**Requirement**
Every line from the one containing "Volvo XC 40 T3 Momentum - 11" to the one containing "酒店偷窥高校附近主题套房热恋" in the records below, both included, must be set down exactly, and no other line.

(Stored dataset items)
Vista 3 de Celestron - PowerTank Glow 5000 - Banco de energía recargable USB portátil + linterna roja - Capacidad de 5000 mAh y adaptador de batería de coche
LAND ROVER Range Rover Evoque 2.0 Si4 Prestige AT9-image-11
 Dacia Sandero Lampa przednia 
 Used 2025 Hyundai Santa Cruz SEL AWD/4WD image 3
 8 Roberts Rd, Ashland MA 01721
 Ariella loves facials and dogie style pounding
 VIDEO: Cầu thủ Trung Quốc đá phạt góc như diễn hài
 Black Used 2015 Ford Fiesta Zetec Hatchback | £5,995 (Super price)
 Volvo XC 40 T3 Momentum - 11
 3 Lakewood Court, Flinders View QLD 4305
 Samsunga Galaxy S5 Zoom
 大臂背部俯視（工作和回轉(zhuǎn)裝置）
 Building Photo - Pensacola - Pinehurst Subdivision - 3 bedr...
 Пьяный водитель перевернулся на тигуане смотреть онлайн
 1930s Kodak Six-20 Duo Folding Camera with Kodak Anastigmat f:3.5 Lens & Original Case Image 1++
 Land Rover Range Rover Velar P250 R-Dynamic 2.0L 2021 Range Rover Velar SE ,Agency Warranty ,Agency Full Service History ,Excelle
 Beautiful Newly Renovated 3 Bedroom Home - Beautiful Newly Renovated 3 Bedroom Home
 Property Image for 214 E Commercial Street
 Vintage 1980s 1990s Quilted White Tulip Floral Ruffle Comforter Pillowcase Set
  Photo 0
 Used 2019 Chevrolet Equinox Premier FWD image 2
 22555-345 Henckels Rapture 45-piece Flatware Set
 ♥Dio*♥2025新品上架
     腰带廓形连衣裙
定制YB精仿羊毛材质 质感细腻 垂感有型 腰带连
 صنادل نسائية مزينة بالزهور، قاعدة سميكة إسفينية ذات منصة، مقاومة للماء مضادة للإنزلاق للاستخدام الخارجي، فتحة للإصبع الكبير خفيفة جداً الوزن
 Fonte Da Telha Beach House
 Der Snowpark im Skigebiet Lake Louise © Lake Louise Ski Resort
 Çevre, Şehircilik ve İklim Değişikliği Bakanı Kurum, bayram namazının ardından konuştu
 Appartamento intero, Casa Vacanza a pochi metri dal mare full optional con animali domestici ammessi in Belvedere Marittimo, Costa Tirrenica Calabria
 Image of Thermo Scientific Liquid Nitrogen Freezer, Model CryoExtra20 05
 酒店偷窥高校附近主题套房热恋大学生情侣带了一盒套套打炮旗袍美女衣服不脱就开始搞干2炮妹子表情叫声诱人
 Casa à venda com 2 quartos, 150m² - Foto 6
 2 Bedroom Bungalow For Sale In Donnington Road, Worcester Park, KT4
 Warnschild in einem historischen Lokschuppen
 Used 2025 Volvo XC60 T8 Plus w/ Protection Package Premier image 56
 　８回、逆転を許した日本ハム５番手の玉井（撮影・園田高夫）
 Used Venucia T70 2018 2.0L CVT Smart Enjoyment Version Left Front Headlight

**Exercise answer**
 Volvo XC 40 T3 Momentum - 11
 3 Lakewood Court, Flinders View QLD 4305
 Samsunga Galaxy S5 Zoom
 大臂背部俯視（工作和回轉(zhuǎn)裝置）
 Building Photo - Pensacola - Pinehurst Subdivision - 3 bedr...
 Пьяный водитель перевернулся на тигуане смотреть онлайн
 1930s Kodak Six-20 Duo Folding Camera with Kodak Anastigmat f:3.5 Lens & Original Case Image 1++
 Land Rover Range Rover Velar P250 R-Dynamic 2.0L 2021 Range Rover Velar SE ,Agency Warranty ,Agency Full Service History ,Excelle
 Beautiful Newly Renovated 3 Bedroom Home - Beautiful Newly Renovated 3 Bedroom Home
 Property Image for 214 E Commercial Street
 Vintage 1980s 1990s Quilted White Tulip Floral Ruffle Comforter Pillowcase Set
  Photo 0
 Used 2019 Chevrolet Equinox Premier FWD image 2
 22555-345 Henckels Rapture 45-piece Flatware Set
 ♥Dio*♥2025新品上架
     腰带廓形连衣裙
定制YB精仿羊毛材质 质感细腻 垂感有型 腰带连
 صنادل نسائية مزينة بالزهور، قاعدة سميكة إسفينية ذات منصة، مقاومة للماء مضادة للإنزلاق للاستخدام الخارجي، فتحة للإصبع الكبير خفيفة جداً الوزن
 Fonte Da Telha Beach House
 Der Snowpark im Skigebiet Lake Louise © Lake Louise Ski Resort
 Çevre, Şehircilik ve İklim Değişikliği Bakanı Kurum, bayram namazının ardından konuştu
 Appartamento intero, Casa Vacanza a pochi metri dal mare full optional con animali domestici ammessi in Belvedere Marittimo, Costa Tirrenica Calabria
 Image of Thermo Scientific Liquid Nitrogen Freezer, Model CryoExtra20 05
 酒店偷窥高校附近主题套房热恋大学生情侣带了一盒套套打炮旗袍美女衣服不脱就开始搞干2炮妹子表情叫声诱人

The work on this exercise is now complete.